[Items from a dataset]
=== Begin Enclosure ===

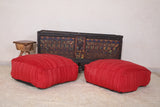Two moroccan handwoven berber kilim red rug poufs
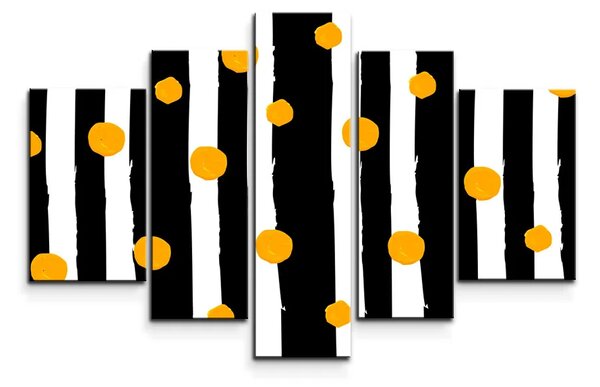 Sablio Obraz - 5-dílný Pruhy a bodky - 125x90 cm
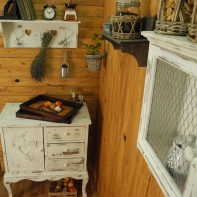 Drevený podnos/tácka - kvetinový motív (set 2ks) 42/45cm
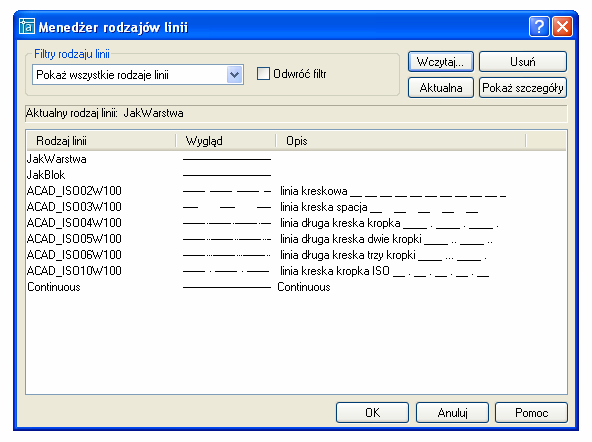 Wskazanie wybranych linii i zatwierdzenie OK powoduje umieszczenie ich w MenadŜerze rodzajów linii (rys. 60). Rys.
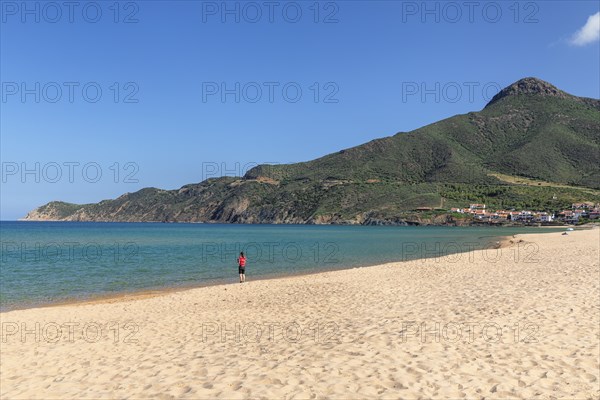 Portixeddu Beach, Province of Sud Sardegna, Sardinia, Italy, Portixeddu, Sardinia, Italy, Europe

=== End Enclosure ===

Problem requirements =
The lines wanted run from the line containing "Wskazanie wybranych linii" through the end of the entries; return them exactly, both ends included, and keep pictures out.

Output of the task =
 Wskazanie wybranych linii i zatwierdzenie OK powoduje umieszczenie ich w MenadŜerze rodzajów linii (rys. 60). Rys.
 Portixeddu Beach, Province of Sud Sardegna, Sardinia, Italy, Portixeddu, Sardinia, Italy, Europe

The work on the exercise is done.